Muitos me perguntam: "você por acaso
já foi entrevistado? Pois eu nunca”. Eu tive a infelicidade de ter sido, em uma
eleição para prefeito de São Paulo. Perto de casa, uma senhora me parou, e com
o famoso ‘disco aleatório’, sem gira-lo, o dedo em cima do nome de um
candidato, então tido como favorito, ao
invés de me mandar escolher, perguntou-me: “o senhor votaria neste candidato?”.
A pesquisa estava viciada. Disse apenas adeus. Naquele ano, o nome que foi apontado
era favorito na pesquisa, a boa distância da segunda colocada, mas perdeu por
uma ‘súbita mudança’ (sic) nos últimos 3 dias, um passe de mágica. Ungida, a
Prefeita tomou posse ante a surpresa da enorme reversão das expectativas.
Ainda nesta semana que passou, um
importante instituto de pesquisas eleitorais, por encomenda de um grande jornal
brasileiro e uma das maiores empresas de televisão aberta, interpretaram os
mesmos números de formas diferentes: de acordo com o jornal, uma candidata
“amplia vantagem” (manchete de primeira página) sobre sua concorrente, em vista
de um ‘acréscimo’ duvidoso em qualquer estatística: coisa da ordem de 2% a mais
para uma e 1% a menos para outra. Por sua vez, a emissora noticiou que as
posições das duas supostamente mais bem colocadas se mantiveram, e ressaltou o
mais importante, o virtual empate no segundo turno, coisa que não mereceu
destaque na manchete do jornal. E nada de outros candidatos na chamada!
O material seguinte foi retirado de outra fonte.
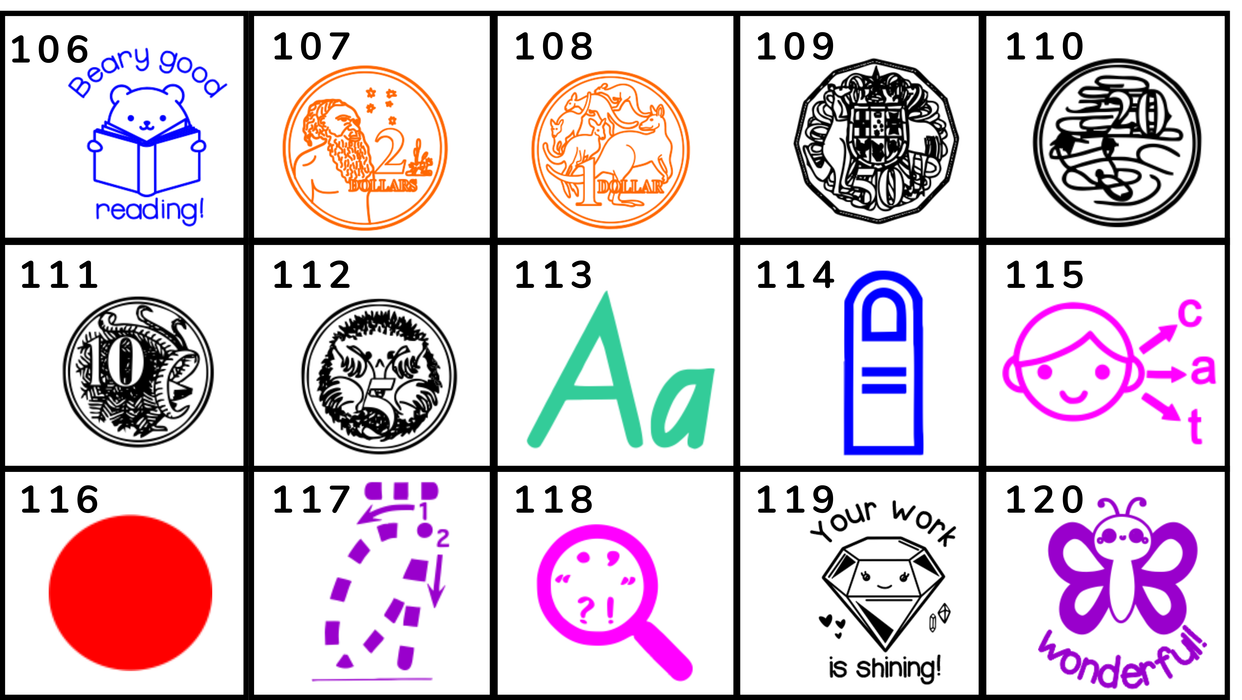 Clearance Merit Stamps (Multiple Sizes)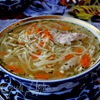 Куриный суп с домашней лапшой (По мотивам узбекской кухни)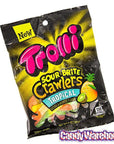 Trolli Sour Brite Crawlers Gummy Worms Candy - Tropical: 3.75LB Box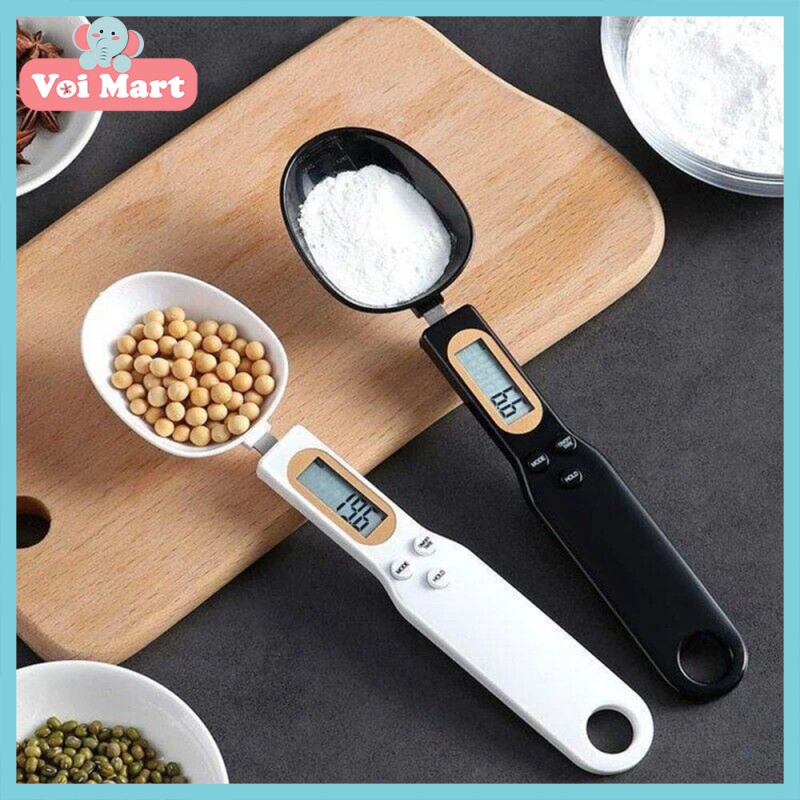 Cân Điện Tử Tiểu Ly Dạng Thìa Đong, Đo, Đếm Gia Vị, Đồ Ăn Dặm Cho Bé Chuẩn Xác
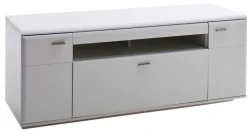 TV-Lowboard AMORA 150 cm Holznachbildung weiß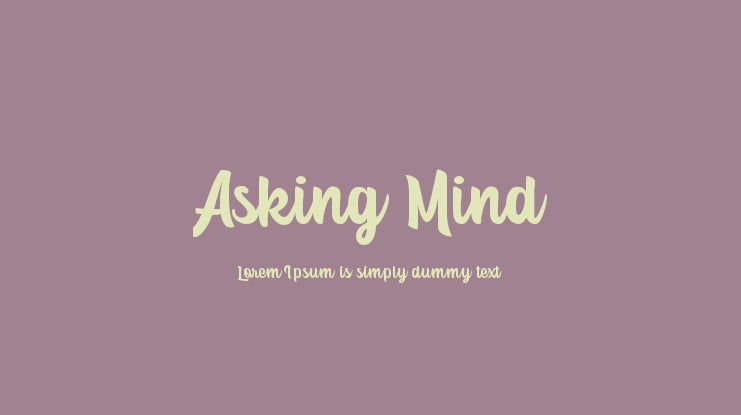 Asking Mind Font
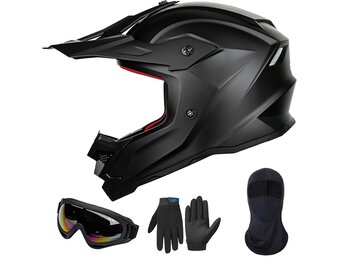 ILM Z705 Jeugd ATV Helm Kinder Crossmotor BMX Off-road Motorhelm Go-kart Helm DOT ECE Mat Zwart S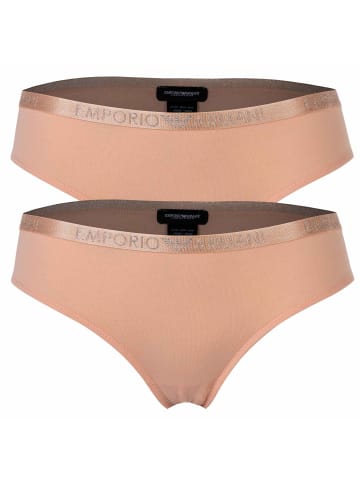 Emporio Armani Slip 2er Pack in Apricot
Nação de primeiríssimo mundo, o
Reino Unido realizou recentemente um referendo sobre a independência da
Escócia. As pesquisas, feitas por órgãos independentes e confiáveis em um país
tido como absolutamente sério mostravam uma constante: 4% de diferença em favor
do ‘não’. Mas o resultado final passou ao largo das duas maiores pesquisas: a
diferença entre o ‘sim’e o ‘não’ foi de 10% - um ‘erro’ de 6%, um enorme desvio
estatístico às vésperas do pleito! Isso, em um país tão sério que o líder do
voto pelo ‘não’ no parlamento escocês, Alex Salmond, imediatamente reconheceu a
derrota e pediu aos compatriotas que a acatassem, e apoiassem a permanência do
país no Reino Unido.
Faço breve paralelo com a economia,
ciência econômica por definição, que interpreta números. Pois números são
sujeitos a visões e visões, tanto que há escolas como as de Cambridge, do MIT,
de Harvard ou de Chicago, que de certa forma utilizam suas formas de pensar os
números de maneira bem particular, sob óticas e ideologias diferentes, até
rivalizando-se. Voltando às nossas pesquisas, não vou fazer ilações (por falta
confessa de elementos) sobre métodos, confiabilidade, margens de erro e menos
ainda a lisura desses levantamentos, encomendados por órgãos de imprensa,
confederações e outros.
Se na economia há números
voláteis, cifras que se reportam a situações reais, na política, mesmo que
ouvindo apenas 2.000 pessoas de uma população de mais 142 milhões de eleitores
(0,0014%, ou uma opinião para cada 17 mil votantes!), os resultados carregam o
discreto charme da profecia. O melhor a fazer, portanto, é esquecer a “Lei de
Gérson” (“o brasileiro gosta de levar vantagem em tudo”) pensar e usar o
coração na hora de votar, deixando o resultado à decisão do povo, entre todos
os candidatos. Do balanço do Bill Haley, fiquemos com a música que o elegeu
estrela, com seu ministério de incríveis “Cometas”.